Archive for April, 2007

Khmer New Year, 2007

Thursday, April 12th, 2007

These days, all Cambodians all over the world are preparing themselfs for a three day new year holiday. It is a very important holiday for Cambodian’s. It starts this Saterday and lasts three days. Phnom Penh will become an almost deserted city. The area around Psar Thmei and the new Soriya shopping mall will be down during these three days.

As is the new year’s tradition, everyone will be driving up and down the riverfront road, dousing each other with water.

We here in Europe are heading to Paris (next time Phnom Penh?).
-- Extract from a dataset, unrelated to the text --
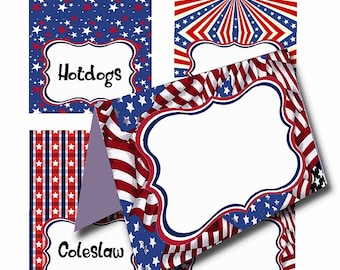 4 juli-tentkaarten, patriottische tentkaarten, Independence Day, Memorial Day, Veterans Day Party BBQ Lunch Plaatskaarten, feestartikelen, digitaal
Located near the ‘Bois de Vincennes’, there is a Bouddha temple. Cambodians gather together for praying, making music, eating, talking,… And the weather forecasts are promising for this WE.

Happy New Year!


សួស្តី​ឆ្នាំ​ថ្មី

Posting in Khmer, Part 3

Thursday, April 12th, 2007

Why are there some many different webbrowsers? Why are there different versions of the same webbrowser around? They call it ‘progress’!

As mentioned previously, search engines work with words. Khmer does not use word separators. Therefore, when you write in khmer, you add ZWSP’s (zero width space) in your text. They are there, but are not visible (zero width). This character has the Unicode value 200B.
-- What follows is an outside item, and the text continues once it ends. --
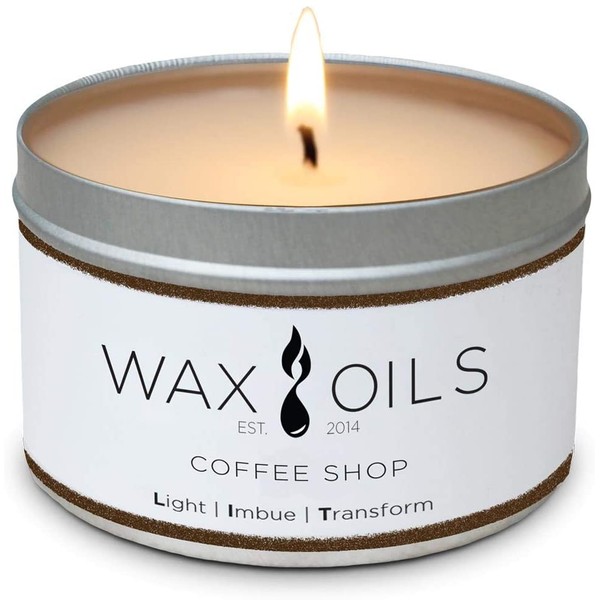 Wax and Oils Soy Wax Aromatherapy Scented Candles (Coffee Shop) 8 Ounces. Single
But it seams that not all browsers, in casu my older version of Internet Explorer 6, do ‘know’ about this character. These browsers show this character as a ‘not so zero width space’!

I’m getting frustrated! Why do other sites, like Wikipedia, do not have the problem I am looking at? After several hours (hacking), I found that the difference was in the style sheet. I had to add the ‘Lucida Sans Unicode’ font to the font-family list. The ZWSP is now a real ZWSP.

Posting in Khmer, Part 2

Wednesday, April 11th, 2007

In my previous post, I wrote a song text down in Khmer. Before I could post it on this weblog, there were some technical issues to resolve like fonts and the like. Some issues were resolved with the help of some of you out there. By this, thank you all.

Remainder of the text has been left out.